EXERCISE: What you return must match the listing below character for character, minus any pictures.

───── EXERCISE DATA ─────

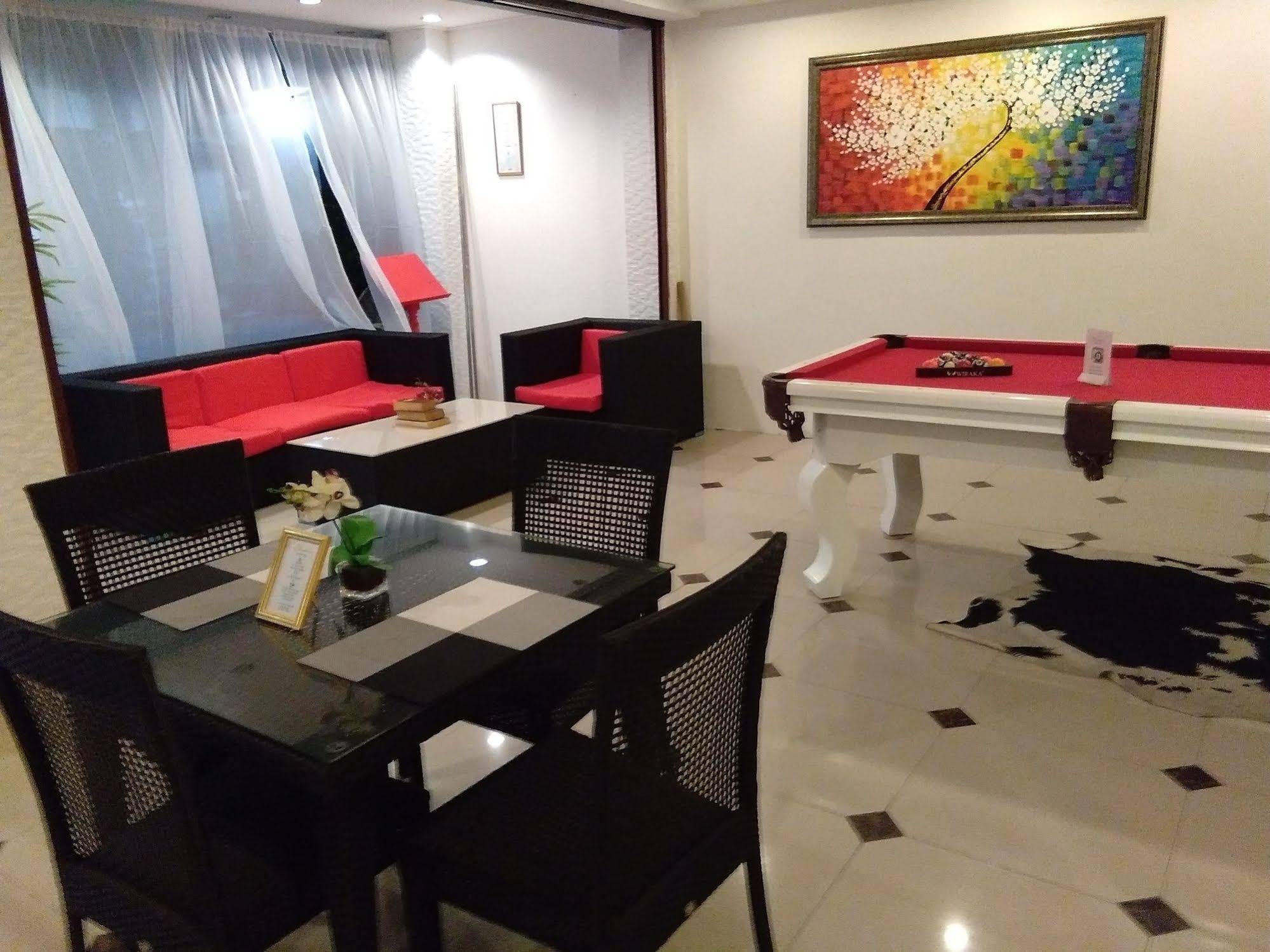 The Shades Boutique Hotel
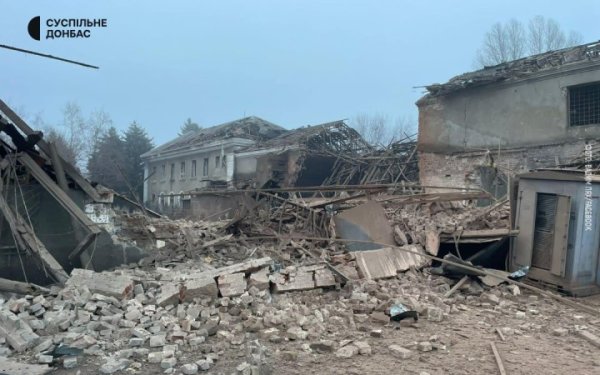 Окупанти вдарили "Іскандером" по керамічному цеху в Слов'янську на Донеччині
Окупанти вдарили "Іскандером" по керамічному цеху в Слов'янську на Донеччині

─────

YOUR SOLUTION:
 The Shades Boutique Hotel
 Окупанти вдарили "Іскандером" по керамічному цеху в Слов'янську на Донеччині
Окупанти вдарили "Іскандером" по керамічному цеху в Слов'янську на Донеччині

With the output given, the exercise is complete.